The artisan trail that our county is implementing in partnership with the Artisan Center and our own tourism department will help both Agri-artisans as well as craft persons to promote their businesses. Many of these workshops will address some of the issues that a artisan will be confronted with to get involved with this new adventure. I am really excited to get this going and to be involved with this county wide project.

 

WORKSHOPS FOR EVERYONE: ….artists, artisans, agri-artisans, entrepreneurs and all who desire to take their endeavors to the next level!

The New Horizon Is A Designer’s World: An engaging Panel Discussion with James Thurman- North Texas University, Alison   Pack- Radford University & Jennifer Anderson- Hollins University.

“There is Art in Marketing” Sandra Tanner, Virginia Tourism Corporation: Marketing plans made easy and lots of great insights and tips for reaching your markets.

“The NoBS Guide to Networking” with Sarah Beth Jones, Nary Ordinary Business Services: Discuss why networking is important, where and when networking happens, and how to find your comfort zone in situations that can sometimes feel daunting.

“Etsy 101” – with Vanessa Bertozzi, Etsy: Learn how to become part of a global market place in a vibrant community of 15 million buyers and creative businesses.

“A Gardener’s Odyssey: From Clay to Food ” with Jim Kvach, Master Gardiner: Find out how one gardener managed to change clay into food where clay is abundant and top soil thin in this informative and upbeat conveyance of lessons learned.

“Entrepreneurs, Artisans and Taxes: Can we all get along?” with Dennis Peltier, EA:  Find out the answers to your burning tax related questions.

“Educating & Inspiring the Next Artisan Generation” with Alison Pack, Radford University: Through the eyes and experiences of students at the Governor’s School as told thru images and narrative in this vibrant discussion of the importance of educating Virginia youth about contemporary craft.

“The Demo – Educating the Public and Customer Service with Fun in Creativity and Affinity” with Judy Ligon, Ligon Art:  Explore the importance of doing a demo as a means to engage public in what you love to do in this hands-on workshop.

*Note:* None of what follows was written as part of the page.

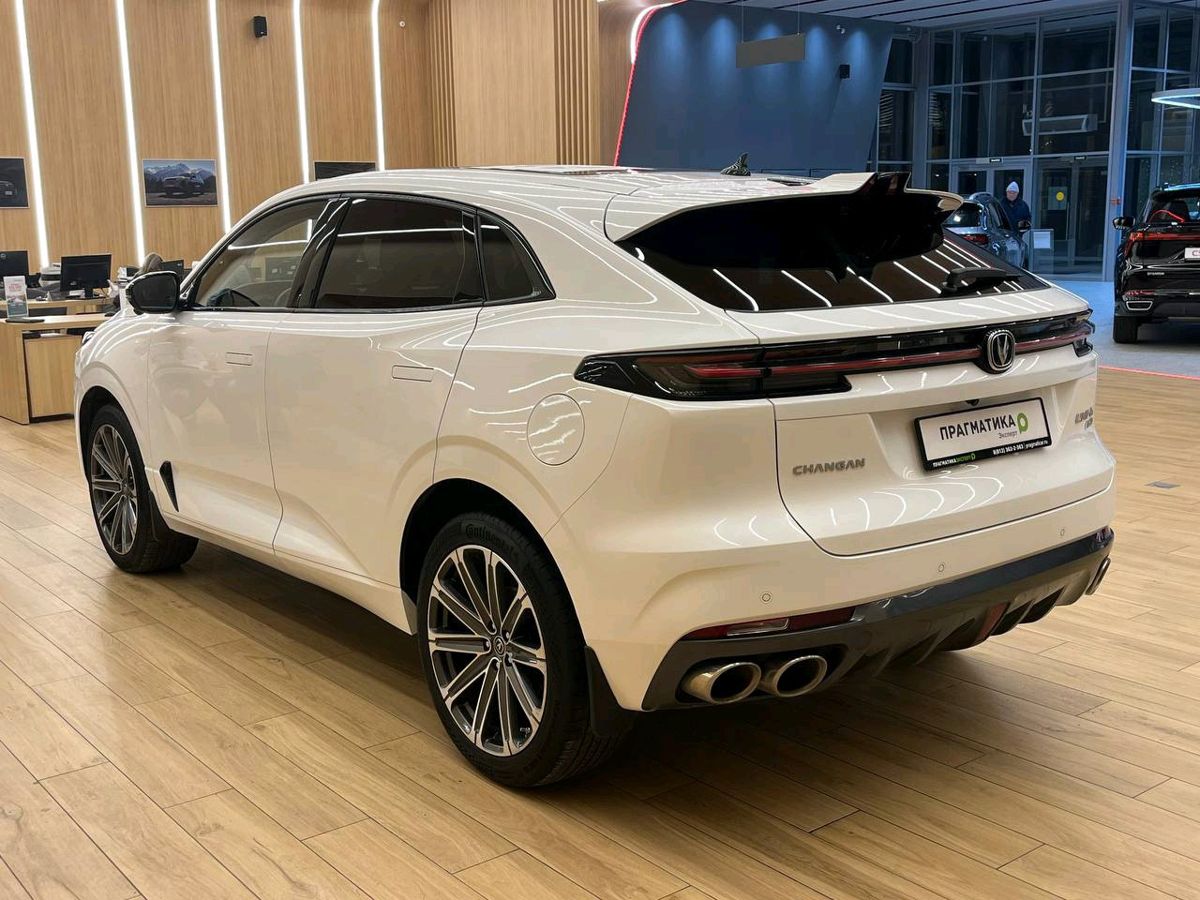 Changan UNI-K Tech 2024 г.в., 60 000 км.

“Art As A Business” with Marc Willson, Small Business Development Association: Are you ready to sell your work? Find out how to show your work in ways to make people want to buy it and how to talk and write about it in order to make it more appealing.

“Artisan Trails of Southwest Virginia Viewshed” with Debby Loggins, Round the Mountain: After Creating fifteen artisan trails throughout the 8,624 square miles defined as Southwest Virginia was a challenge three years in the making. What’s next?

“Pricing Your Work” with Neva Bryan, Round the Mountain: Discover why pricing is important, the psychology of pricing and a step-by-step to pricing your products.

“Think It! Ink It! The Craft and Art of Printmaking” with Jennifer Anderson, Hollins University: Join in a conversation on fine art printmaking….the history, types of print and how contemporary artists make art and develop community through printmaking.

“Global, Social, Mobile, Local – How Going Green Doesn’t Mean Going Into the Red” with Helen Nunley, Pretty Good Designs: Going digital and paperless no longer means spending tons of money. Learn about some of the many choices of free or inexpensive solutions from which to choose to help you and your business “go green.”

“The Artisan Mosh Pit”: A special session where you are invited to voice your questions, concerns and suggestions for a facilitated discussion with tourism, economic development, arts and cultural community leaders.